## Problem
Your output should reproduce each entry exactly, with none of its pictures.

## Input for this task
[Start of section]

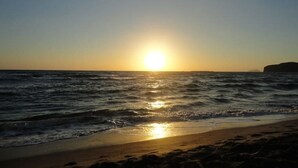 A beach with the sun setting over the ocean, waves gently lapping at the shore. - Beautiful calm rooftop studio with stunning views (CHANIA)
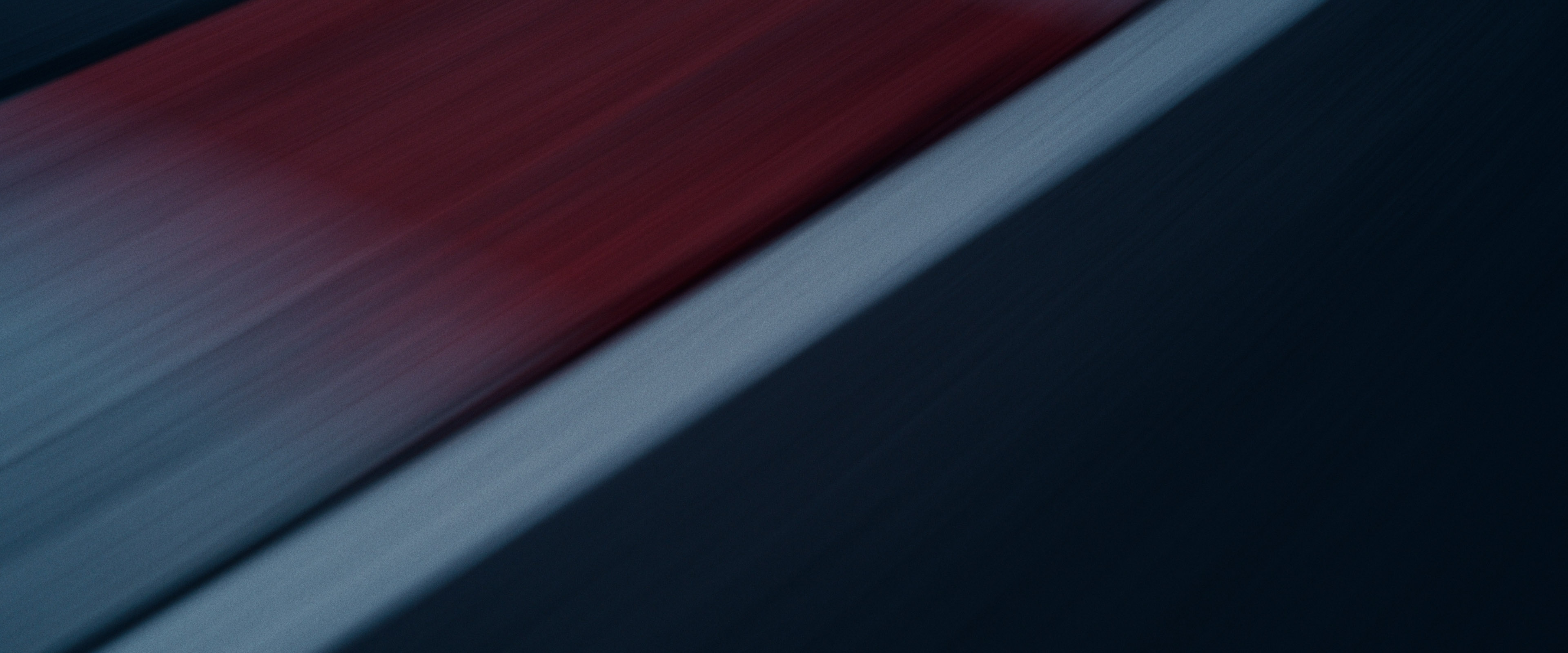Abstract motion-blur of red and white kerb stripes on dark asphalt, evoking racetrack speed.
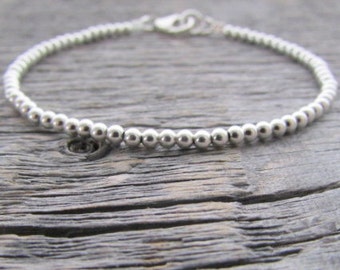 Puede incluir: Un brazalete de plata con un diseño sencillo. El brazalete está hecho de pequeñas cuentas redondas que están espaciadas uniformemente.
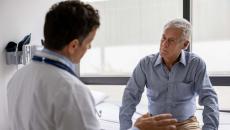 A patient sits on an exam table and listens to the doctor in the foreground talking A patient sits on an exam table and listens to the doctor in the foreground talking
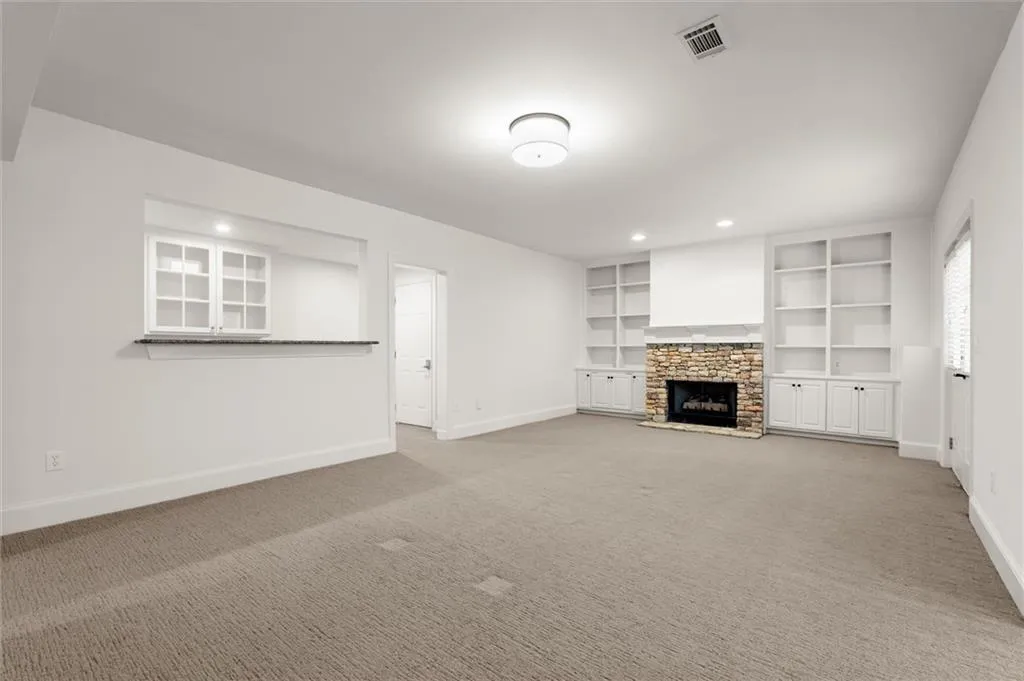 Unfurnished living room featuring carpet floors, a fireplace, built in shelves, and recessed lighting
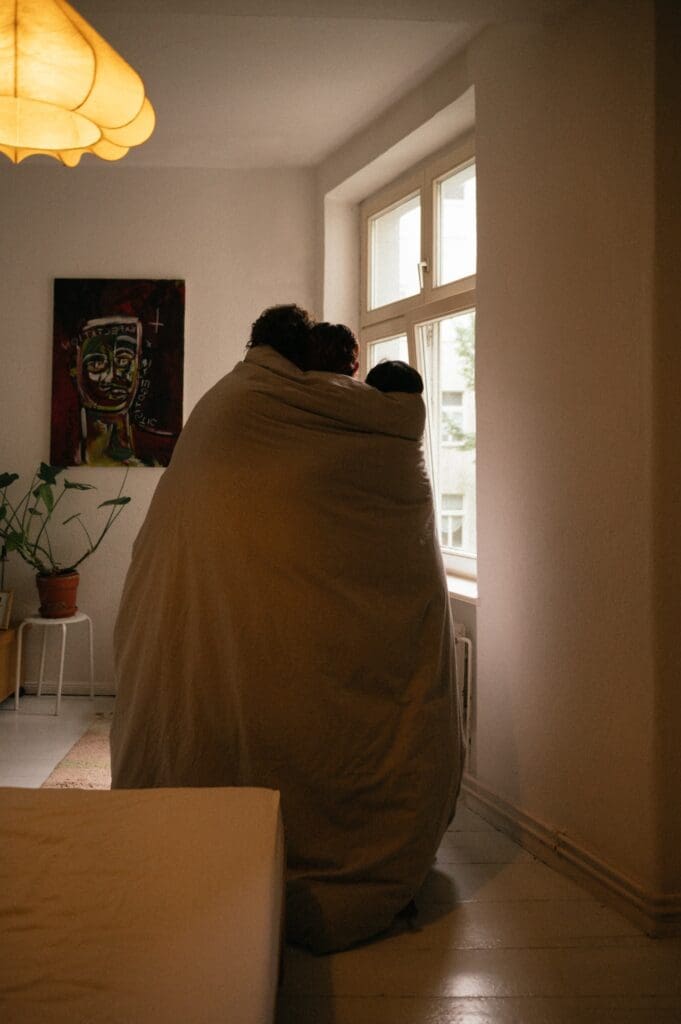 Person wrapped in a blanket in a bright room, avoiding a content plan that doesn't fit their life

[End of section]

## Output of the exercise
 A beach with the sun setting over the ocean, waves gently lapping at the shore. - Beautiful calm rooftop studio with stunning views (CHANIA)
Abstract motion-blur of red and white kerb stripes on dark asphalt, evoking racetrack speed.
 Puede incluir: Un brazalete de plata con un diseño sencillo. El brazalete está hecho de pequeñas cuentas redondas que están espaciadas uniformemente.
 A patient sits on an exam table and listens to the doctor in the foreground talking A patient sits on an exam table and listens to the doctor in the foreground talking
 Unfurnished living room featuring carpet floors, a fireplace, built in shelves, and recessed lighting
 Person wrapped in a blanket in a bright room, avoiding a content plan that doesn't fit their life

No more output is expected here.